Вчера была совершенно поражена.
Мама с Альцгеймером вдруг задрожала в вагоне метро и упала куда-то вбок.
Реакция населенцев вагона: дева рядом моментально перемещается напротив, воткнув глубоко в ухо наушник. Парень лет 25-ти, сидящий в двух шагах, делает вид, что ничего не происходит. У него тоже роман с наушниками. Парень лет 30-ти через сиденье от нее глухо замер – и недвижим.
Я понимаю, что у нее предынсультное, начинаю ее неумело возить по трём сиденьям.
Так вот, я ее двигаю, пытаюсь поднять ноги на небольшом пространстве так, чтобы у нее прилила кровь к голове. Весь вагон уже смотрит в этот угол, не шелохнувшись. Так глядят на экран, так смотрят из-за стекла, так проверяют на прочность: «Эй, эй, смог?»
Я ору в отчаянии на парня через сиденье: «Вы поможете»? Он чуть сдвигает ее – и отходит вбок, подергивая плечами и проверяя рюкзак. Он собрался выходить.
Мама становится совершенно серо-белой, окончательно теряет сознание, губы – то серые, то белые, они буквально сравниваются по цвету с матово-бледным лицом.
Все сидят спокойно, как стеклянные человечки, беззлобно и тускло вращающие мелкими настырными глазками. Окончательно невозмутимо.
Дева продолжает слушать что-то, юный зритель лет 25-ти – сидеть в двух шагах так, как если бы его приварили к сиденью. Ни один мускул не дрогнул – он присутствует при непонятной сцене, только и всего. Мой горе-помощник стоит неподвижно на расстоянии протянутой руки – скоро на выход, показывает он всем своим видом. Скоро – прочь.
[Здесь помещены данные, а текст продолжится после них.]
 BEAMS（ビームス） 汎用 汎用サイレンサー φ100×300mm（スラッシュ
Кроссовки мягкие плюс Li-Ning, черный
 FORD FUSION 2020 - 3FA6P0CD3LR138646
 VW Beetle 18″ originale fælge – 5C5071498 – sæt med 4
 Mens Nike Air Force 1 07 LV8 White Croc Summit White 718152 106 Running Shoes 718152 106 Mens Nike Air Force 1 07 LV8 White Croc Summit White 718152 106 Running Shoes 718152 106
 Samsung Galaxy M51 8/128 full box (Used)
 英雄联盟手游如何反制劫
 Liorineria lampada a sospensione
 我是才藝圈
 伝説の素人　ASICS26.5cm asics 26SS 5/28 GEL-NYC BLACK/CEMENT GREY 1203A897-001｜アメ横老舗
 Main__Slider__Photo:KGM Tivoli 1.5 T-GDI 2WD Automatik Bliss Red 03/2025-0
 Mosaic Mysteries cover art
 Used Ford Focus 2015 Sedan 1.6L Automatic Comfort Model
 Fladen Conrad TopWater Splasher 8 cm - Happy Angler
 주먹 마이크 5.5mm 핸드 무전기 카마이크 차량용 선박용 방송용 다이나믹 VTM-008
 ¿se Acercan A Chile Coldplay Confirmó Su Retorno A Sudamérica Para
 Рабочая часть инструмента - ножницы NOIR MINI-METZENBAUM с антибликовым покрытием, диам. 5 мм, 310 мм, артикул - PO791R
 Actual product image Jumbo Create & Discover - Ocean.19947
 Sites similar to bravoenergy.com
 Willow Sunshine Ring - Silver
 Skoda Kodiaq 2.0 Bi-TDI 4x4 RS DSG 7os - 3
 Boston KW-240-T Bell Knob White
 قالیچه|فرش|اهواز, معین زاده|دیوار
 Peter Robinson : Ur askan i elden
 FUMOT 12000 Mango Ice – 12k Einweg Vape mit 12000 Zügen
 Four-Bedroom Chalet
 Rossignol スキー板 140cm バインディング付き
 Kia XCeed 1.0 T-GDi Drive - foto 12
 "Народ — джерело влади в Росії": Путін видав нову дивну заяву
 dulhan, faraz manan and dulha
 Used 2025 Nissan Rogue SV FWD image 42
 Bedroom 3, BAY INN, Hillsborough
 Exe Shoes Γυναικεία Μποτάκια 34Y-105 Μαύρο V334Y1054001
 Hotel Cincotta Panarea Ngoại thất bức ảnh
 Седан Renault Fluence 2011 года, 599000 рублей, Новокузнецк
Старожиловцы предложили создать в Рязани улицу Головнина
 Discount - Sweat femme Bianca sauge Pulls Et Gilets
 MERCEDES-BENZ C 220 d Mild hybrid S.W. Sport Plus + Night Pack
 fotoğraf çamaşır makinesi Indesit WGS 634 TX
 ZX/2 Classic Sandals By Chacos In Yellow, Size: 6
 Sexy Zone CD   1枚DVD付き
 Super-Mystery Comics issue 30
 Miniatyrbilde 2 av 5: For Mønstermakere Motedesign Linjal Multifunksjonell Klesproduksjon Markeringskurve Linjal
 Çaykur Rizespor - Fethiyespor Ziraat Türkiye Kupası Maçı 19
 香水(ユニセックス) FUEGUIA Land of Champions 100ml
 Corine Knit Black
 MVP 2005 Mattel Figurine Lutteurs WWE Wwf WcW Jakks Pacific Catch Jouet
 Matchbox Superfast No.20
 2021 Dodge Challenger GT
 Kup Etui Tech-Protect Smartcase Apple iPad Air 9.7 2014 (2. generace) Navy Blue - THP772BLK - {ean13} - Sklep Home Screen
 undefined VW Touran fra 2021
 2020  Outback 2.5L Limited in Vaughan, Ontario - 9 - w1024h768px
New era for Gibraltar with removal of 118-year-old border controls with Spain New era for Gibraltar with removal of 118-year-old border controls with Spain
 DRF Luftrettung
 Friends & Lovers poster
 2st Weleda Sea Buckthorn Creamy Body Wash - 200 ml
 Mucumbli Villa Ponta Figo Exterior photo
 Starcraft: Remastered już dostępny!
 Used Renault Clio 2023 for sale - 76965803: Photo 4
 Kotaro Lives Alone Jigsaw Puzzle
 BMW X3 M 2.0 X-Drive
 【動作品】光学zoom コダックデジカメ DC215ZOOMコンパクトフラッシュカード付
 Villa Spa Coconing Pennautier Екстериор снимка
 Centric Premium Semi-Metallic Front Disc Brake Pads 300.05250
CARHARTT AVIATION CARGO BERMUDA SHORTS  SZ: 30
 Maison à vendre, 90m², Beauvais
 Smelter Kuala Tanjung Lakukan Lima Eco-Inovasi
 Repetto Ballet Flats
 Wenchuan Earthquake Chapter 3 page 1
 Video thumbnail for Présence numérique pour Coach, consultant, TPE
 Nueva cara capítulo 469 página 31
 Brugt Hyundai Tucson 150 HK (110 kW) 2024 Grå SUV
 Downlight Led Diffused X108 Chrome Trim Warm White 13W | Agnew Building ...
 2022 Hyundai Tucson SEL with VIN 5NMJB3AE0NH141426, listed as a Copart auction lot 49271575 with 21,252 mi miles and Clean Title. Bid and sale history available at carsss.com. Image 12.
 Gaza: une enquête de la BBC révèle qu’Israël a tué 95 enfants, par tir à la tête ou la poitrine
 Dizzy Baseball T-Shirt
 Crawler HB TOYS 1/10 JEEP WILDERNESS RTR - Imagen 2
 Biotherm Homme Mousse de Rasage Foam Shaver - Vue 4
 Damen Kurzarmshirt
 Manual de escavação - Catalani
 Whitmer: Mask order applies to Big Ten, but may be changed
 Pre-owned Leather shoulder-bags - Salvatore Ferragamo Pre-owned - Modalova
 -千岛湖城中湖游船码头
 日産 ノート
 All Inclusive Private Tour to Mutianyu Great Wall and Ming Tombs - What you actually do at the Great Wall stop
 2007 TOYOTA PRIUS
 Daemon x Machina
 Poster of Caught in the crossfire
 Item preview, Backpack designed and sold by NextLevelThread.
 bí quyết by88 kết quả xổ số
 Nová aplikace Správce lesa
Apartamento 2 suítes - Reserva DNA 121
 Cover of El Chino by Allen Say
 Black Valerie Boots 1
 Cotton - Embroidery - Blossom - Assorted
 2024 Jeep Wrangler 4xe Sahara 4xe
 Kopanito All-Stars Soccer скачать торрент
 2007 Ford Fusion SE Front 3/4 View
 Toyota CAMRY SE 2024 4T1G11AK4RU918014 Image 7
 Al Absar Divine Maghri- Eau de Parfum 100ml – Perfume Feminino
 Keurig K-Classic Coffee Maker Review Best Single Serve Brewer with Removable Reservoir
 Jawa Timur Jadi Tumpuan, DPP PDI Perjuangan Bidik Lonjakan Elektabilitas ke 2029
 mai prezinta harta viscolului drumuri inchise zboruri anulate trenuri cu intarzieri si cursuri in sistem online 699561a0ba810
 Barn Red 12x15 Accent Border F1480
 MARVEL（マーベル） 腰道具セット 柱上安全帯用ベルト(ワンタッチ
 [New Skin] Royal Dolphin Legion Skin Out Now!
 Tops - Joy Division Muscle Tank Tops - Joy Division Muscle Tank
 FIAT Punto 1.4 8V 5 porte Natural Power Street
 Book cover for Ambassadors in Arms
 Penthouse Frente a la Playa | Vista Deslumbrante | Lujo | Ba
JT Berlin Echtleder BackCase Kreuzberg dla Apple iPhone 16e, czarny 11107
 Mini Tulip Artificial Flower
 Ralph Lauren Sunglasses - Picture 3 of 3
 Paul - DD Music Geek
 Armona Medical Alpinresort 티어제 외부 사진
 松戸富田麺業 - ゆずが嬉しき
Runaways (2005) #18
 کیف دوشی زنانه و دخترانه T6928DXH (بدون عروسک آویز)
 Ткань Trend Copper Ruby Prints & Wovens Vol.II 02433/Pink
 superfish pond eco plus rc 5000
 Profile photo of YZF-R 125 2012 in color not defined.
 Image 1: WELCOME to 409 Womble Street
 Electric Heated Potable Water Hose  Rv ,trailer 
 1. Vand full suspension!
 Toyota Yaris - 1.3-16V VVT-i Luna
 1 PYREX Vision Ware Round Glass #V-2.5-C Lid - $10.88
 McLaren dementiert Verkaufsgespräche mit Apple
Так я бьюсь около 3-х – 4-х остановок, поднять ее я не могу, ей все хуже и хуже. Это – очевидно.
Весь вагон как-то невероятно странно смотрит в этот угол, ни один человек не подходит к нам на протяжении нескольких остановок.
Странность состоит в том, что все они следят за происходящим с безмолвным напряжением. Эдакий саспенс. В вагоне несусветно натянутая обстановка, все выжидают, все превратились в слух, все глядят и видят. И никто не приближается, чтобы вмешаться.
Только в последний момент, вдруг не выдержав моей толкотни вокруг нее, юный зритель предлагает мне не помочь, а по громкой связи сообщить о происходящем машинисту. Все это – несколько удивлённо: в стиле «почему бы нет».
На Боровицкой вдруг вбегает парень. И, все быстро поняв, быстро примерившись, в отчаянии берет ее, почти уже безжизненную, вообще ничего не понимающую, на руки. И выносит на Чеховской вон.
Нас провожают взгляды всего вагона. Что-то незамысловато-животное провожает нас прочь: глухое любопытство.